Microwaves, however, are much farther up the spectrum. Microwave radiation has a short wavelength and behaves more like light. This is why microwave antennas come as lenses and dishes, rather like the lens and retina of a human eye.

An array antenna is a group of antennas which interreact in complex fashion, bouncing and shaping the radiation they emit. The upshot is a directional beam.

"Coverage is coverage," as the tower-hands say, so very often several different companies, or even several different industries, will share towers, bolting their equipment up and down the structure, rather like oysters, limpets and barnacles all settling on the same reef.

Here's a brief naturalist's description of some of the mechanical organisms one is likely to see on a broadcast tower.

First -- the largest and most obvious -- are things that look like big drums. These are microwave dishes under their protective membranes of radome. They may be flat on both sides, in which case they are probably two parabolic dishes mounted back-to-back. They may be flat on one side, or they may bulge out on both sides so that they resemble a flying saucer. If they are mounted so that the dish faces out horizontally, then they are relays of some kind, perhaps local telephone or a microwave long- distance service. They might be a microwave television- feed to a broadcast TV network affiliate, or a local cable-TV system. They don't broadcast for public reception, because the microwave beams from these focused dishes are very narrow. Somewhere in the distance, probably within 30 miles, is another relay in the chain.
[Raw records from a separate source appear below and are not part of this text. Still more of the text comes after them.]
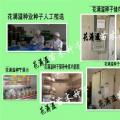喜树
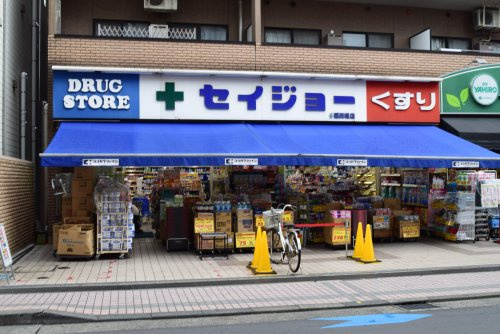 神奈川県川崎市多摩区菅１丁目 ドラッグストア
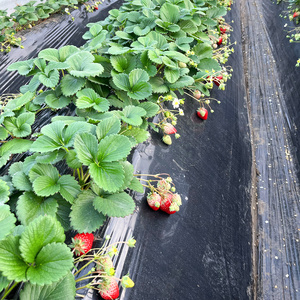 和田農園《3月》平日限定 いちご狩りチケット｜いちご 苺 体験 食べ放題 時間無制限 印西 千葉 [0532]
A tower may well have several satellite microwave dishes. These will be down near the base of the tower, hooked to the tower by cable and pointed almost straight up. These satellite dishes are generally much bigger than relay microwave dishes. They're too big to fit on a tower, and there's no real reason to put them them on a tower anyway; they'll scarcely get much closer to an orbiting satellite by rising a mere 2,000 feet.
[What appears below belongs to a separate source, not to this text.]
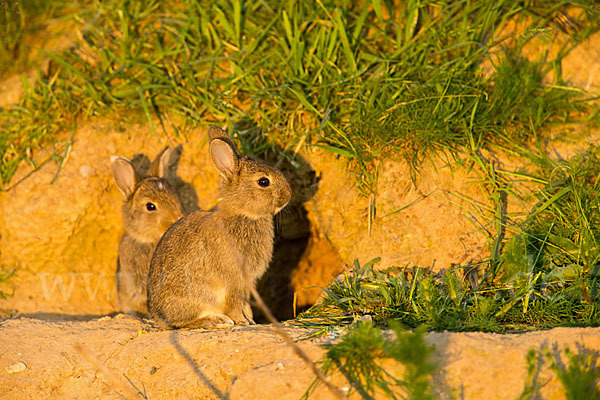 Wildkaninchen (Oryctolagus cuniculus)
Often, small microwave dishes made of metal slats are mounted to the side of the tower. These slat dishes are mostly empty space, so they're less electronically efficient than a smooth metal dish would be. However, a smooth metal dish, being cupshaped, acts just like the cup on a wind-gauge, so if a strong wind-gust hits it, it will strain the tower violently. Slotted dishes are lighter,cheaper and safer.

Then there are horns. Horns are also microwave emitters. Horns have a leg-thick, hollow tube called a wave-guide at the bottom. The waveguide supplies the microwave radiation through a hollow metallic pipe, and the horn reflects this blast of microwave radiation off an interior reflector, into a narrow beam of the proper "phase," "aperture," and "directivity." Horn antennas are narrow at the bottom and spread out at the top, like acoustic horns. Some are conical, others rectangular. They tend to be mounted vertically inside the tower structure. The "noise" of the horn comes out the side of the horn, not its end, however.